NVIDIA H100 GPU Performance Shatters Machine Learning Benchmarks For Model Training

NVIDIA

NVIDIA’s Hopper H100 Tensor Core GPU made its first benchmarking appearanceearlier this year in MLPerf Inference 2.1. No one was surprised that the H100 and its predecessor, the A100, dominated every inference workload. The H100 set world records in all of them and NVIDIA is the only company to have submitted to every workload for every MLPerf round.

A few weeks ago, a new set of MLCommons training results were released, this time for MLPerf 2.1 Training, which the NVIDIA H100 and A100 also dominated.

Unfortunately, NVIDIA’s dominance of MLPerf benchmarking suites for inference and training has deflected submissions and reports by many important AI companies.

The industry would benefit from the participation of more organizations as we have seen in other sectors like CPUs, it drives competition and innovation. Broad involvement in benchmarking suites is significant because machine learning is growing exponentially. Almost every industry segment uses machine learning for a wide range of applications. As usage increases, so does model size. Since 2018, MLCommons has held testing rounds that alternate between MLPerf Training and MLPerf Inference testing rounds.

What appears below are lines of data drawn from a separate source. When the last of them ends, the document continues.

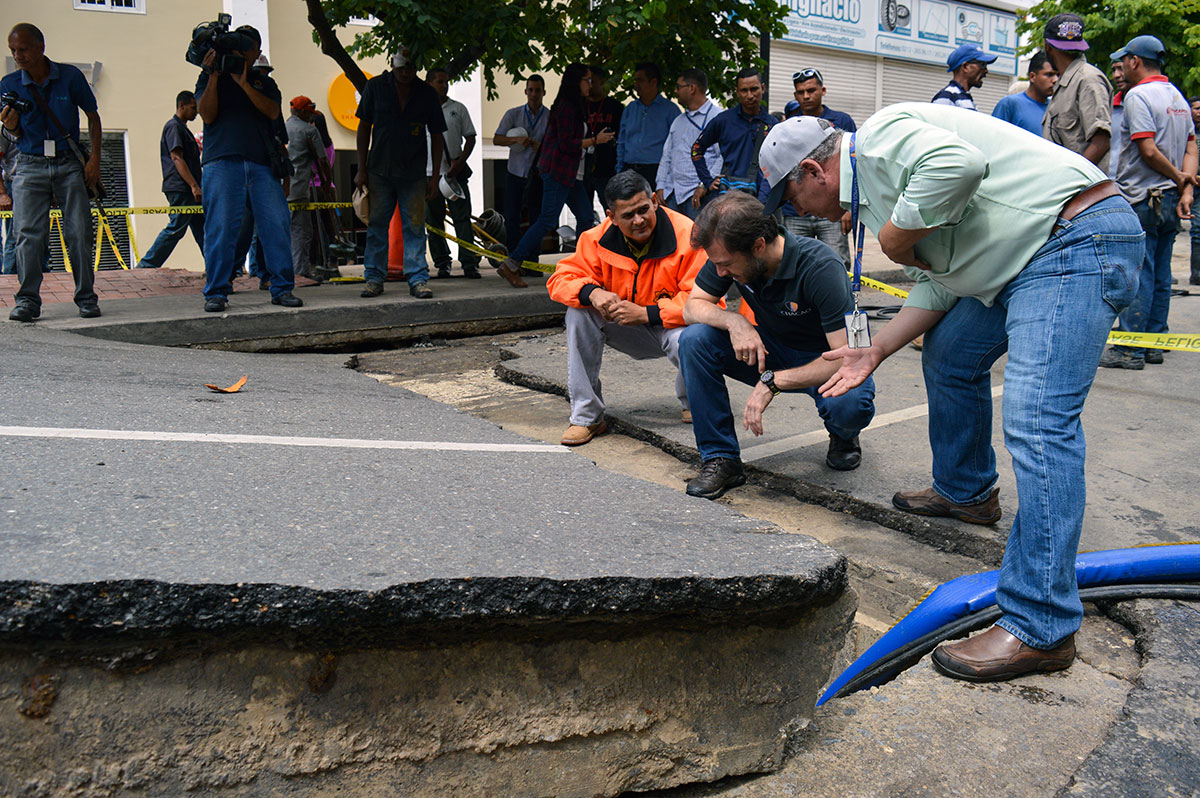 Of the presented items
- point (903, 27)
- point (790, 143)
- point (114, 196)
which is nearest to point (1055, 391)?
point (790, 143)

In the four years between the first MLPerf test in 2018 and this year’s results, machine learning model size has increased by five orders of magnitude. With the increased model size and larger data sets, standardized tools like MLPerf Training and MLPerf Inference are more crucial than ever. Machine learning model performance must be measured before it can be improved.

MLPerf 2.1 Training benchmarks

Summary of benchmarks used in MLPerf Training v2.1 MLCOMMONS.COM

MLPerf Training and MLPerf Inference use the same eight workloads shown in the above graphic. Mini Go is an exception because it is only used to evaluate reinforcement learning. Each benchmark test is defined by its own specific dataset and quality target. The Key is how much time it takes to train the model using the specified dataset with the specified quality target.

MLPerf is vital to AI and machine learning because it is an industry-standard benchmark with peer review results that provides valid comparisons for model training and inference. It is supported by Amazon, Arm, Baidu, Google, Harvard University, Intel, Meta, Microsoft, Stanford University, and the University of Toronto.

Multiple single models form high performance, multiple models

Real-world AI applications use multiple models NVIDIA

It is common for multiple AI models to be chained together to satisfy a single input. An example of multimodal networks is the verbal request in the above graphic. The question requires ten machine learning models to produce an answer. Not only must multiple models operate sequentially, but it must also deliver real-time solutions.

Some cloud services also use multiple networks to deliver services accelerated by NVIDIA GPUs. All of NVIDIA’s networks and application frameworks are available on its MLPerf repo, on NGC (NVIDIA’s online container repository), and its GitHub repo.

A100 and H100 benchmark training performance

MLPerf Training v2.1 PerformanceNVIDIA

As shown in the MLPerf Training 2.1 performance chart, H100 provided up to 6.7 x more performance for the BERT benchmark compared to how the A100 performed on its first MLPerf submission in 2019.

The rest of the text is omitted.